The problem is that the original plans used stock windows that have specific measurements for the rough openings, so I had to readjust all of the internal framing. This ended up taking several hours, since the measurements are only available in four-inch increments, and the measurements were only off by an inch or so.And after all was said and done, I ended up with exactly the same windows I originally had, but changing the interstitial framing.
What it means is that the interstitials will be a bit more complex. For instance, instead of 2 2x6's nailed together to form posts, I have to create a kind of engineered lumber using plywood ripped to 5-1/2" widths and glue-laminated to the sides of a single 2x6. On the good side, this does actually work to make stronger posts.

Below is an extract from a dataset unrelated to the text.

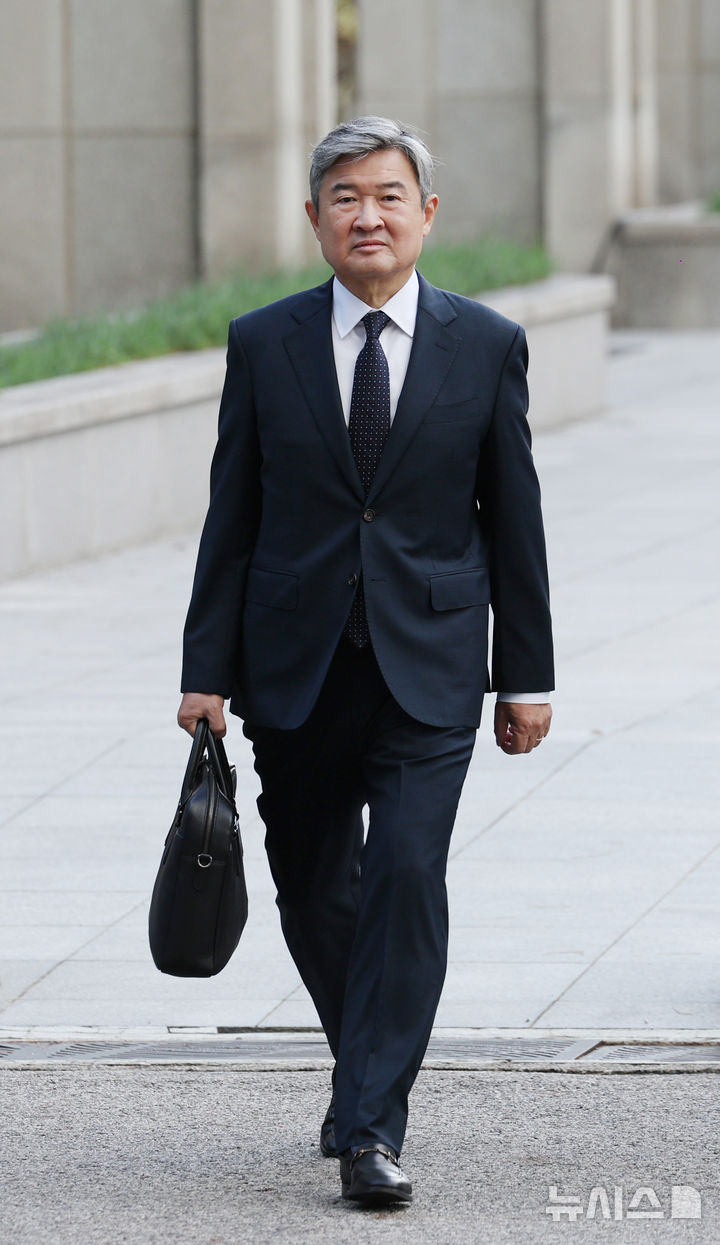 [서울=뉴시스] 김진아 기자 = 12·3 비상계엄 관련 국가정보원법 위반 등의 혐의를 받는 조태용 전 국정원장이 15일 오전 서울 서초구 서울고등검찰청에 마련된 내란 특검(특별검사 조은석)에 피의자 신분으로 출석하고 있다. 2025.10.15. bluesoda@newsis.com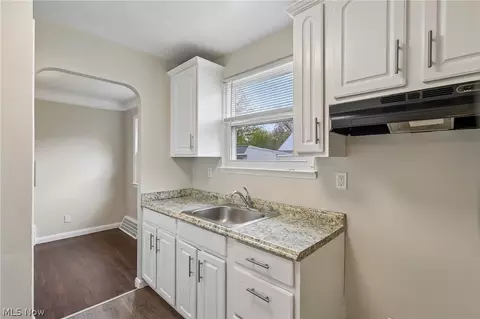 599 E 250th St, Euclid, OH 44132 photo 9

I also changed the lower window framing because of the 2x6 walls. Now the lower sills will be continuous 2x6's fit into notches in the glu-lam posts, which will essentially make the whole thing fit together sort of like lincoln logs. And I'm going to pre-drill holes for the electrical, because it's a hell of a lot easier to do that before you put the walls together than afterwards.
I found a little secret in my perusing of various how-to books. WIth the header above the windows and doors, since I already have to make the header out of compositing both dimensional lumber and plywood, the trick is to sandwich a piece of thin steel flashing in between the layers. It doesn't add that much weight, but because it's sandwiched and held in place, it can't flex and it's incredibly strong-- you're essentially making a steel beam. And that's just cool.